Unidata, a cyberinfrastructure facility, has been developing big-data infrastructure and data-driven scientific workflows using cloud computing technologies for accessing, analyzing, and visualizing geoscience data. Unidata has implemented the aforementioned services on the Unidata Science Gateway (http://science-gateway.unidata.ucar.edu), hosted on the Jetstream cloud (https://jetstream-cloud.org), a cloud facility funded by the U. S. National Science Foundation. Through the Unidata Science Gateway, researchers can make use of well-integrated resources. Currently, the Unidata Gateway provides the following capabilities:
- A data ingest service that moves real-time data from over 30 meteorological data streams and in excess of 1 TB/day, into the Unidata Gateway via the Local Data Manager software, a TCP/IP-based data transfer technology. Those data include radar, satellite, surface, upper-air, ship, aircraft and other observations as well as forecast model output from several operational weather prediction centers;
- Remote access to the above data via different protocols, including access to subsets of data;
- Data transformation and format conversion;
- Extensive data analysis capabilities;
- Visualization of meteorological data;
- A collection of Jupyter Notebooks for data analysis;
Pre-configured Docker virtual images of tools; - Access to Advanced Weather Information Processing System for remote data analysis and visualization
In concert with the above efforts, Unidata has developed techniques that combine robust access to well-documented datasets with easy-to-use tools, using workflow technologies such as JupyterHub and Docker Containers.

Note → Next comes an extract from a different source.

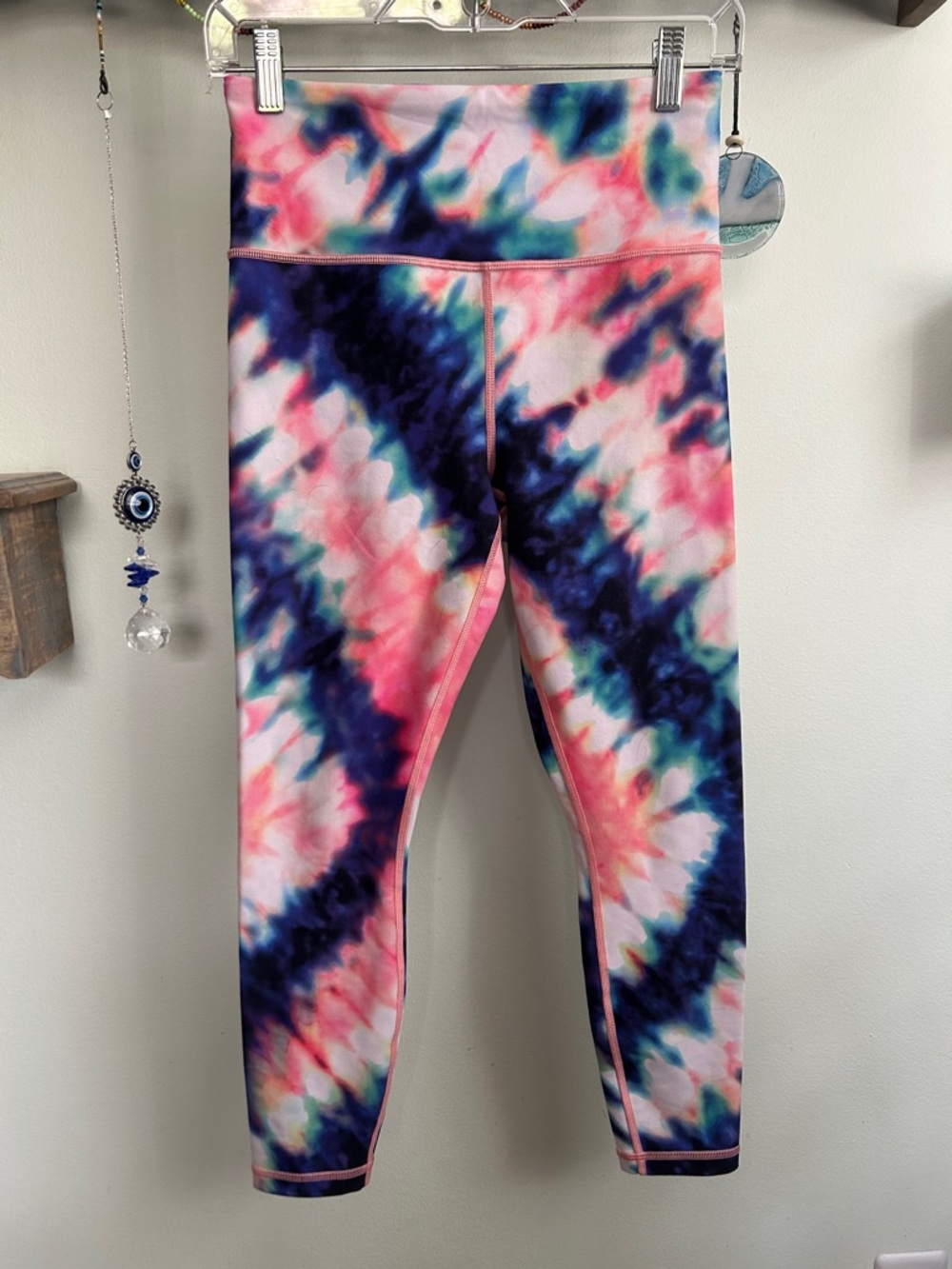 Athleta tie dye 7/8 tight - Pink & Blue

In addition to fostering the adoption of technologies like pre-configured virtual machines through Docker containers and Jupyter notebooks, other computational and analytic methods are enabled through “Software as a Service” and “Data as a Service” techniques via the deployment of the Cloud IDV, AWIPS EDEX Servers, and the THREDDS Data Server in the cloud. The collective impact of these services and tools is to enable scientists to use the Unidata Science Gateway capabilities to not only conduct their research but also share and collaborate with other researchers and advance the intertwined goals of Reproducibility of Science and Open Science, and in the process, truly enabling “Science as a Service”.
In this talk, we will present our work to date in developing the Unidata Science Gateway and the hosted services therein, as well as our future directions to benefit the atmospheric sciences community.